A Year in Review: FTC Data Privacy Actions and its Impacts on 2017 and Beyond

24 01 2018

Stephen R. Chuk

Proskauer Law

August 18, 2017

Whether it means taking a prominent role shaping data security for the Internet of Things, or addressing high profile breaches, the FTC has adopted an active position in policing data privacy and security. And, as data becomes increasingly digital in its form and protections, data security is of paramount importance for all types of intelligence—whether financial, medical, or otherwise sensitive.  The Commission’s emphasis on these areas has not slowed, even as the composition of the Bureau of Consumer Protection changes under a new administration.  The FTC’s actions over the past year reflect that Commission’s continued emphasis on data privacy and its recent data privacy settlements have provided companies with a trail of breadcrumbs from which they can extract lessons learned and help avoid potential FTC scrutiny.

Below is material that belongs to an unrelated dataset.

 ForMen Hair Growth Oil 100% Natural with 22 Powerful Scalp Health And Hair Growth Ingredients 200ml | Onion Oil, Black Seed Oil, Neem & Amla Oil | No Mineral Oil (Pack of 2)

The Commission has not adopted a particular “test” for whether they should bring an action. However, they have previously abided by a general standard that its data privacy enforcement actions were part of “an ongoing effort … to ensure that companies take reasonable and appropriate measures to protect consumers’ personal data.” Though the FTC’s litmus test may seem opaque, its focus has centered on two scenarios representing threats to private data: (1) when a company deceives consumers either through false representations of data security or misappropriations of private data; or (2) when a company fails to properly protect the data from hacking, and risks (or suffers) a breach. [1]

The FTC has taken a preventative approach to policing deceptive statements about privacy, in which companies’ advertising presents a false front about the level of security of consumer data. Over the past year, the Commission reached settlements with three different companies—Practice Fusion, Very Incognito Technologies, and Turn, Inc.—in various actions in which the Commission alleged the companies made misrepresentations about data privacy.